WHAT YOU SHOULD DO
Entries below include pictures. Output exactly the lines from the one with "Tiny photo for" down to the one with "Four Seasons Mobile Home Park Picture 4", both ends included, and leave the pictures out.

EXCERPTED RECORDS
____________________

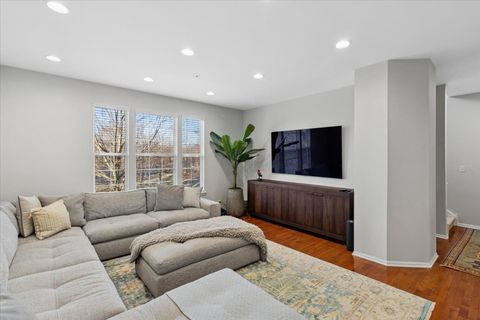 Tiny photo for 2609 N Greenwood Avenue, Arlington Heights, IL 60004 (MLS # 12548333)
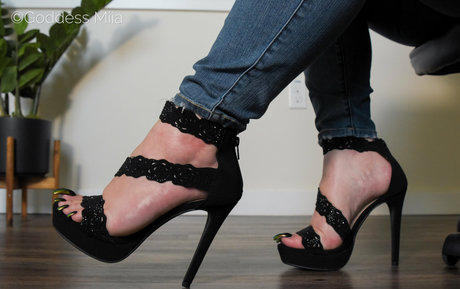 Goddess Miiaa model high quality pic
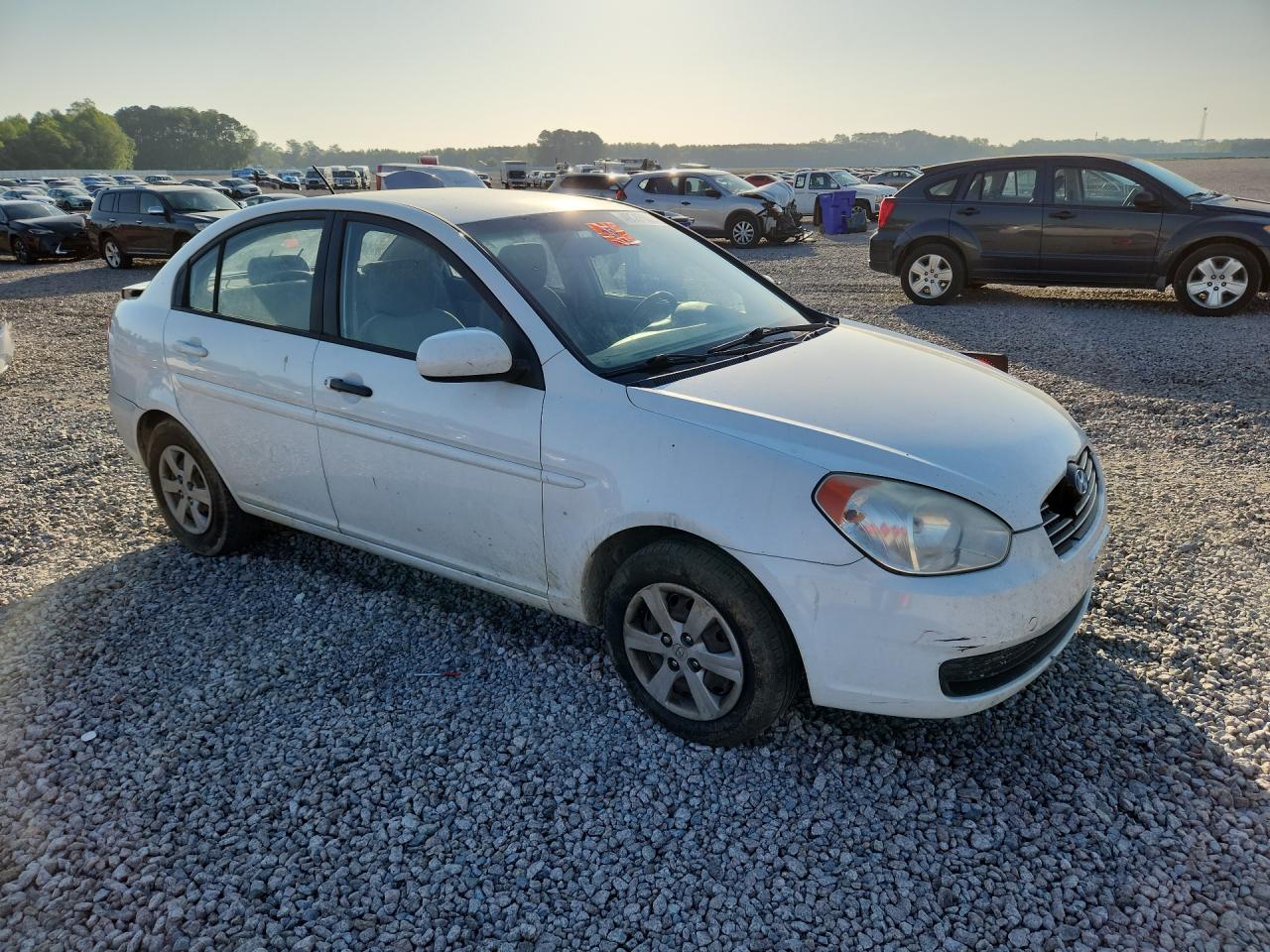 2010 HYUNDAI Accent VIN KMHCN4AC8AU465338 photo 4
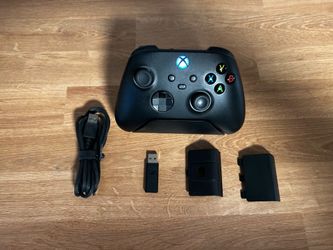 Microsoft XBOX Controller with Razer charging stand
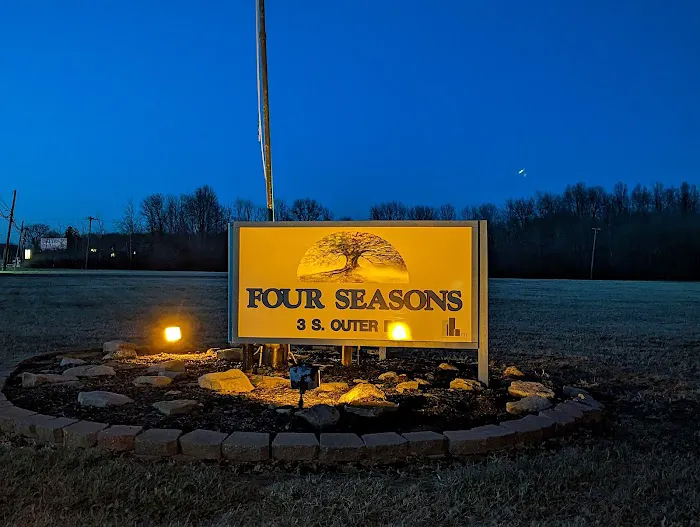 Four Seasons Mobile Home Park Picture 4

____________________

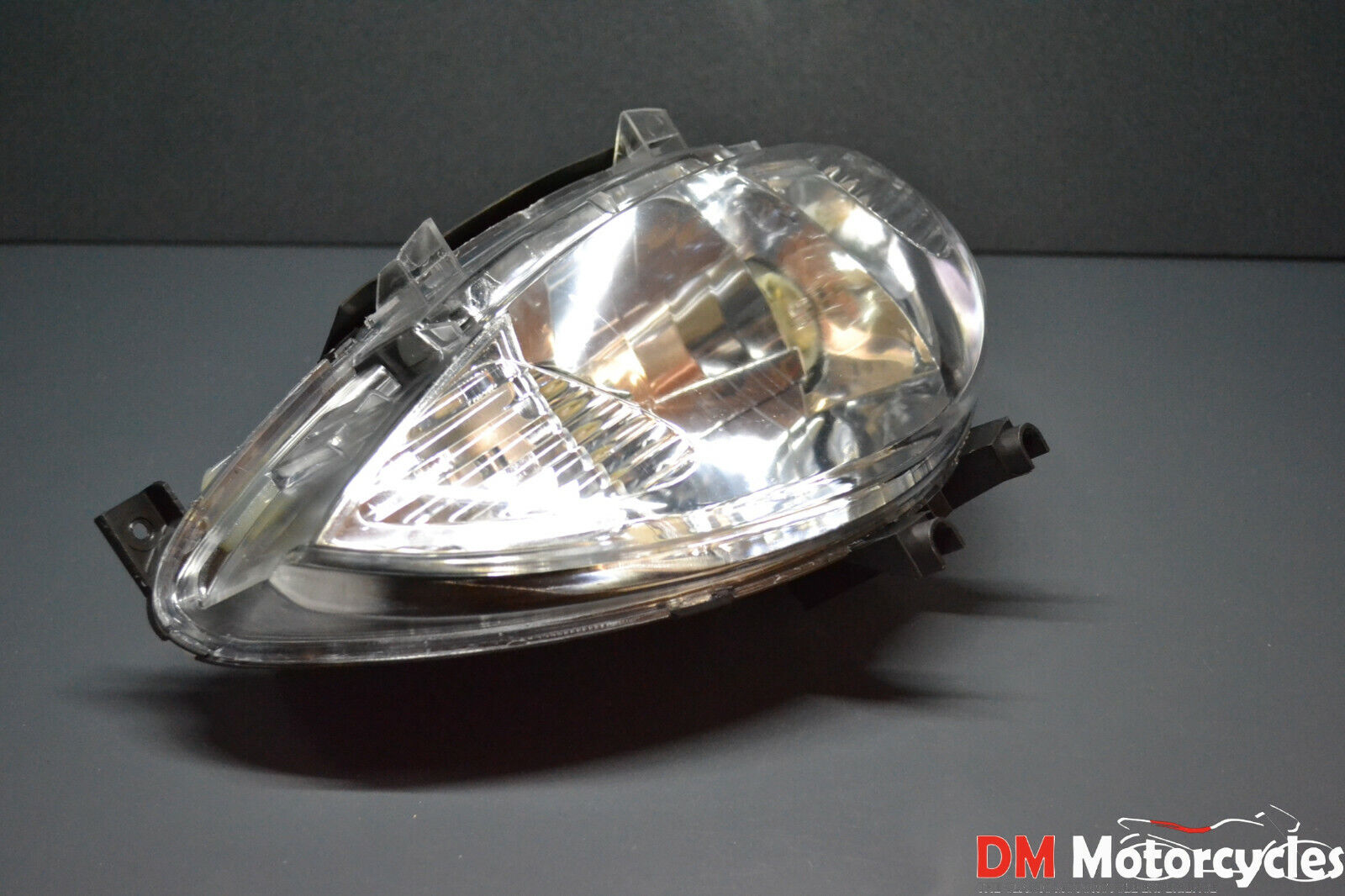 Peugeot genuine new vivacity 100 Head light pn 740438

____________________

RESULT FOR THIS TASK
 Tiny photo for 2609 N Greenwood Avenue, Arlington Heights, IL 60004 (MLS # 12548333)
 Goddess Miiaa model high quality pic
 2010 HYUNDAI Accent VIN KMHCN4AC8AU465338 photo 4
 Microsoft XBOX Controller with Razer charging stand
 Four Seasons Mobile Home Park Picture 4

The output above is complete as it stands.